Habertürk
    Takipde Kalın!
      Günlük gelişmeleri takip edebilmek için habertürk uygulamasını indirin

        “Görevimiz Tehlike” filmi ilk vizyona girdiği zaman hem müzikleriyle hem de aksiyon sahneleriyle bayağı sansasyon yaratmıştı. Tam serinin yere çakıldığını düşünürken Tom Cruise hamle yaptı ve serinin devam edeceğinin sinyallerini verdi. Tam da yaz aylarında film sıkıntısı çekerken filmin Temmuz’da vizyona girmiş oluşu kafa dağıtmamıza vesile oldu. Cruise seriyi o kadar sahiplendi ki, sanki onu çocuğu gibi görüyor. Hatta Imdb.com sitesindeki bilgiye göre; Cruise altıncısını çekmek için kolları sıvamış. Hoş kendisi şu ara “Top Gun 2” ve “Jack Reacher: Never Go Back” filmlerinin çekimleri ile meşgul… Önemli bir hatırlatma; filmin DVD’sinin ön siparişini 11 Aralık gibi verebilirsiniz.

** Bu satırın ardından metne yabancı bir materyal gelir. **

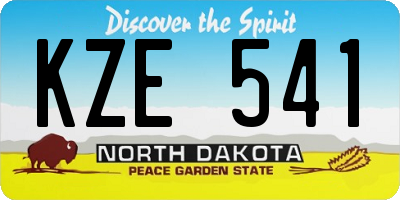 ND license plate KZE541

        Tom Cruise uzun süredir düşüşteydi ve kendini yeniden gündeme getirmesi için acilen bir şeyler yapması gerekiyordu ve yaptı. Yapımcılığını üstlendiği "Mission: Impossible - Rogue Nation” bu sefer voliyi vurarak iyi bir hasılat elde etti, hem de yazın vizyona girmiş olmasına rağmen! Malum seri olarak yapılan filmler bir yerden sonra izleyiciyi sıkıyor, çünkü aynı hikâye evirip çevrilip önümüze sunuluyor, bu da seriden soğumamıza sebebiyet veriyor. Serinin beşinci filmi misyonunu tamamlayarak bize şunu düşündürdü: “Görev başarıyla tamamlandı!” Serinin en iyisi olduğunu kolayca söylemek mümkün… Birinci filmdeki detayları bünyesinde barındıran film, nefes kesici aksiyon sahneleri ile görselliği yerli yerinde kullanarak sürükleyiciliğini elinden hiç bırakmadı. CGI teknolojisini kullanmadan bunu başarmak pek kolay değildir, ama serinin diğer hikâyelere oranla, bu hikâyeye daha fazla emek harcandığı açıkça ortada… Filmde öyle bir plan sekansı var ki, resmen dudak uçuklatıyor. Ayrıca Tom Cruise’un arzusu nedeniyle kovalamaca ve uçak sahnelerinde özel efekt kullanılmadığını da belirtmek gerek.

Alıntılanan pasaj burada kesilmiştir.